I have data set from the internet and I wanted to try different normal tests for different columns. I find it funny, that different normality tests give me different results. Not just a couple of decimals different but COMPLETELY different outputs.

Here is my code.

from pandas import read_csv
url = "https://raw.githubusercontent.com/rashida048/Datasets/master/cars.csv"
data = read_csv(url)
y_1 = 'HWY (Le/100 km)' 
y_2 = 'HWY (kWh/100 km)' 
y_3 = 'CITY (kWh/100 km)' 
y_4 = '(km)'
m = data[y_1]
m_2 = data[y_2]
m_3 = data[y_3]
m_4 = data[y_4]
l = [m,m_2, m_3, m_4]
#Kolmogorov-Smirnov test for Normality
for i in l: 
    statistic, pvalue = stats.kstest(i, 'norm')
    print('statistic = %.2f, p = %.1f' %(statistic, pvalue))
    if pvalue > 0.05:
        print ('Gaussian')
    else:
        print('Not Gaussian')

Output:

statistic = 0.98, p = 0.0
Not Gaussian
statistic = 1.00, p = 0.0
Not Gaussian
statistic = 1.00, p = 0.0
Not Gaussian
statistic = 1.00, p = 0.0
Not Gaussian
#NormalTest (D'agostino's)

for i in l:
    statistic, pvalue = stats.normaltest(i)
    print('statistic = %.2f, p = %.5f' %(statistic, pvalue))
    if pvalue > 0.05:
        print ('Gaussian')
    else:
        print('Not Gaussian')
output:
statistic = 3.12, p = 0.21050
Gaussian
statistic = 3.28, p = 0.19423
Gaussian
statistic = 70.15, p = 0.00000
Not Gaussian
statistic = 188.31, p = 0.00000
Not Gaussian

#chi-Square
for i in l:
    statistic, pvalue = stats.chisquare(i)
    print('statistic = %.2f, p = %.5f' %(statistic, pvalue))
    if pvalue > 0.05:
        print ('Gaussian')
    else:
        print('Not Gaussian')

output: 
statistic = 0.44, p = 1.00000
Gaussian
statistic = 3.73, p = 1.00000
Gaussian
statistic = 23.84, p = 0.99972
Gaussian
statistic = 4348.68, p = 0.00000
Not Gaussian

I am still learning the data science and everything behind it. But I am confused, how to make a statement with different values. Is it just about picking one method and stick with it? That can't be it can it?


Solution

  • One reason you are getting different p-values for the same data is that the null hypotheses of the three tests are quite different.

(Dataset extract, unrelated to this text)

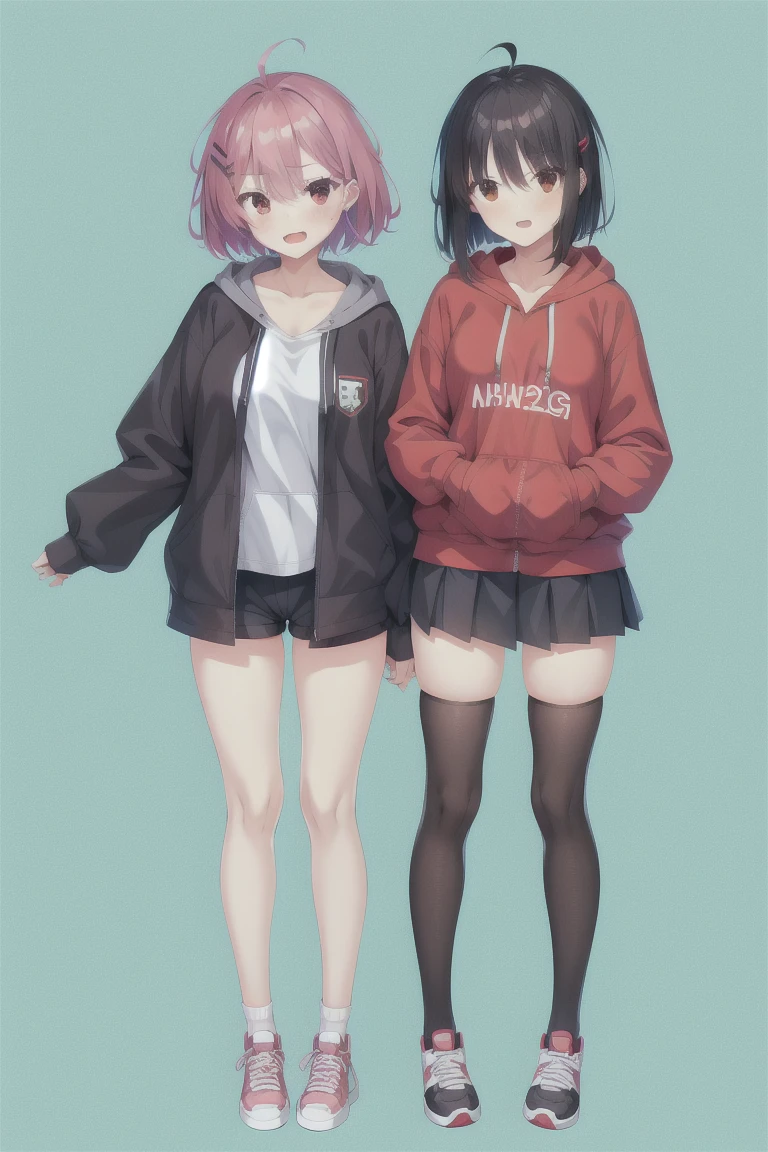 two_girls,two_girls,high_resolution,standing,simple_background,[bangs,(red_hoodie:1.3),(black_pleated_skirt:1.35),bob_hair,brown_hair,black_skirt,blush,skirt,white_background,breasts,eyebrows_ass visible_through_hair,short_hair,smile,red_eyes,looking_at_viewer,thighhighs,long_sleeves,medium_hair,thighs,hair_ornament,hairclip,medium_breasts,shoes,zettai_ryouiki,hood,hoodie,sneakers,brown_legwear,hood_down,sleeves_past_wrists,drawstring,red_hoodie],[bangs,smiling,blush,jacket,simple_background,white_background,breasts,cleavage,large_breasts,open_mouth,shorts,eyebrows_ass visible_through_hair,short_hair,ahoge,bionde_hair,long_sleeves,large_breasts,hair_between_eyes,standing,shirt,grey_eyes,white_shirt,collarbone,gray_shorts,parted_lips,hood,hooded_jacket,zipper,hood_up,hoodie,hand_up,outline,short_shorts,grey_shorts,dolphin_shorts,sleeves_past_wrists,cropped_Legs,sleeves_past_fingers,pink_jacket,pink_hoodie],expensive_solve, clear_image, expensive_Contrast, 8k, Sparkling, beautiful_detailed_face_and_eye, 白 eye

    • stats.kstest(i, 'norm'): the data are drawn from the standard normal distribution (zero mean, unit scale)
    • stats.normaltest(i): the data are drawn from any normal distribution (any mean, any scale)
    • stats.chisquare(i): the data are drawn from a discrete distribution with support over the unique observed values, each with equal probability

    Even among tests with the same null hypothesis, you would get some variation in p-values because the statistics used may be sensitive to different things.